If you’ve ever tried to translate something online, you know how frustrating that can be. Some words translate flawlessly, others translate verbatim but don’t seem to fit in the sentence, and others don’t translate at all. Why is it all so hit or miss?
The Washington Post says it’s all in the numbers. Researchers used to rely on linguistic models for translating text on a website, but now they’ve realized it’s not so easy to get a website to “think” in a certain language, and even more difficult to get the program to understand the cultural nuances behind that language.
IBM researchers thought there was a better way of going about machine translation. They believed statistics and probabilities could help solve the problems with translation sites.
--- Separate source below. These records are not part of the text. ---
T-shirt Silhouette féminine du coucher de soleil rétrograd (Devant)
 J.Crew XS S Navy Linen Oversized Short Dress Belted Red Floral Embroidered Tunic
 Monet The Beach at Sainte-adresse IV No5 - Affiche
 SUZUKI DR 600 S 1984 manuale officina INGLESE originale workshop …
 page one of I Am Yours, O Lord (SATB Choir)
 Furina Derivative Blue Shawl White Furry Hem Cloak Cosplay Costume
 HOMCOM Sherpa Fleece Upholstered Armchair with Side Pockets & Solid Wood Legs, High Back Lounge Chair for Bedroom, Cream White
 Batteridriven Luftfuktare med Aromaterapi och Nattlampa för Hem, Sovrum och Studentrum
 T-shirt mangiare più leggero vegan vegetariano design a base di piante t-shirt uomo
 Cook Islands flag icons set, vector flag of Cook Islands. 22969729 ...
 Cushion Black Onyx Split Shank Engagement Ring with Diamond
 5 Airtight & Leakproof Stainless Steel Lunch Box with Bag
Machines don’t need to understand the translations they produce, they just need to produce accurate translations that people can understand.
The next system took a massive amount of words and sentences in each language, and looked at how sentences are most commonly constructed to try to place words in the appropriate places. Now that researchers have the stats under control, they’re adding native syntax back in.
Machine translations today are a marriage of math and language. This does not mean machines are capable of translating with the same degree of accuracy as people, but the gap is definitely a lot smaller than it used to be.
To get the most out of a machine translation (if you absolutely must use one), there are two things you should know. Machine translations are most accurate between languages in the same family. For example, Spanish and French are both Romance languages and share common roots and grammatical structures. Also, keep your English simple. By doing things like using all present tense you avoid potential hang ups.